NFT Fractionalization
What is a fractional NFT?
- A fractional NFT is simply a whole NFT that has been divided into smaller fractions, allowing different numbers of people to claim ownership of a piece of the same NFT. The NFT is fractionalized using a smart contract that generates a set of tokens linked to the indivisible original.
- These fractional tokens give each holder a percentage of ownership of an NFT, and can be traded or exchanged on secondary markets.
How does it work?
To break this NFT into fractions, it must first be locked in a smart contract, which will split the ERC-721 token into multiple ERC-20 tokens as per the instructions the NFT owner has given. The owner specifies everything, from the number of ERC-20 tokens to be created, to their prices, to the metadata to be used, to any other property they deem important. Each fraction or ERC-20 token created represents partial ownership of the NFT. The fractions can then be put up for sale at a fixed price for a particular time or until they get sold out.
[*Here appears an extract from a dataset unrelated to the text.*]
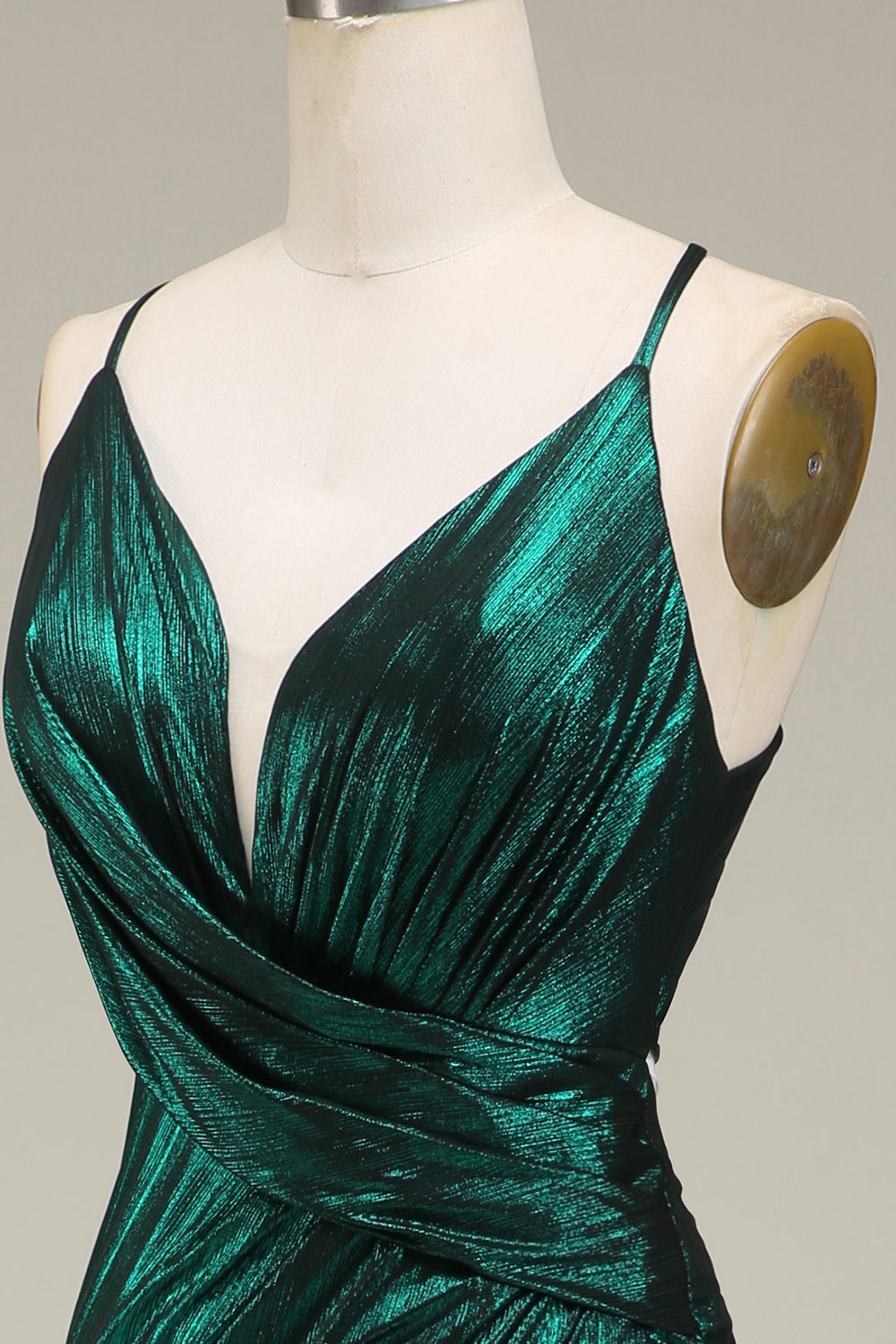 Hot Mermaid Spaghetti Straps Dark Green Long Prom Dress with Open Back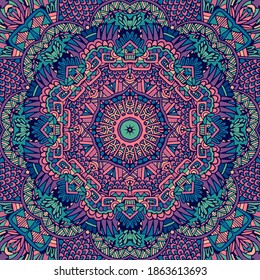 Mandala doodle fantasy flower decorated background. Abstract geometric tiled boho ethnic seamless pattern ornamental.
Benefits of fractional NFT
- Price discovery: the asset is extremely valuable and they want help finding price discovery, fractionalizing the item and selling 20% on the market can be a valuable tool to help understand how the market values the NFT.
- More liquidity: owners have significantly better exit liquidity than if they owned the NFT themselves. This can be achieved through on-chain exchanges such Uniswap.
- Curator incentives: an NFT owner who divides their asset into fractions receives a curator fee from their chosen NFT marketplace. Although the owner can set and update the amount of this fee, it is subject to a maximum price limit to prevent reckless pricing.